[EXTRACTED ENTRIES]:
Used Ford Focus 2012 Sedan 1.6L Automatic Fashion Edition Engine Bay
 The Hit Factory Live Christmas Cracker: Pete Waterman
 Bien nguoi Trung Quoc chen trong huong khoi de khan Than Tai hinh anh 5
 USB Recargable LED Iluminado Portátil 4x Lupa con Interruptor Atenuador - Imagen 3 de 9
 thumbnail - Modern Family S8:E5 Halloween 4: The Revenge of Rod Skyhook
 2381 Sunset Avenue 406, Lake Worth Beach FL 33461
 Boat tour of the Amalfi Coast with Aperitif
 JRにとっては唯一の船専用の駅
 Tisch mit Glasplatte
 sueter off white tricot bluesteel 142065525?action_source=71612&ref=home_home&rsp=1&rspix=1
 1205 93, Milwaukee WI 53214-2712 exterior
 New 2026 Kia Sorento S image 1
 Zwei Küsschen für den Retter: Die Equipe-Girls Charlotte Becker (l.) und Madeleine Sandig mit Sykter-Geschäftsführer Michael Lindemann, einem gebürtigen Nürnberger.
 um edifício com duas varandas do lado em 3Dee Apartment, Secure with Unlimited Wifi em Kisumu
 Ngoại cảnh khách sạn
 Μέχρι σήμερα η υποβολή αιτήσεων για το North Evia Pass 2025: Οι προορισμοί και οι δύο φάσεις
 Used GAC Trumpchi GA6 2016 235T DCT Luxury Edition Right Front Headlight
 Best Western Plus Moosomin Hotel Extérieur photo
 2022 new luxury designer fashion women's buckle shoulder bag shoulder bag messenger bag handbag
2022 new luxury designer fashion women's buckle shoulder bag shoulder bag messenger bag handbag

[TASK]: The answer must be every line of the records that contains the word "handbag".

[ANSWER BOX]:
 2022 new luxury designer fashion women's buckle shoulder bag shoulder bag messenger bag handbag
2022 new luxury designer fashion women's buckle shoulder bag shoulder bag messenger bag handbag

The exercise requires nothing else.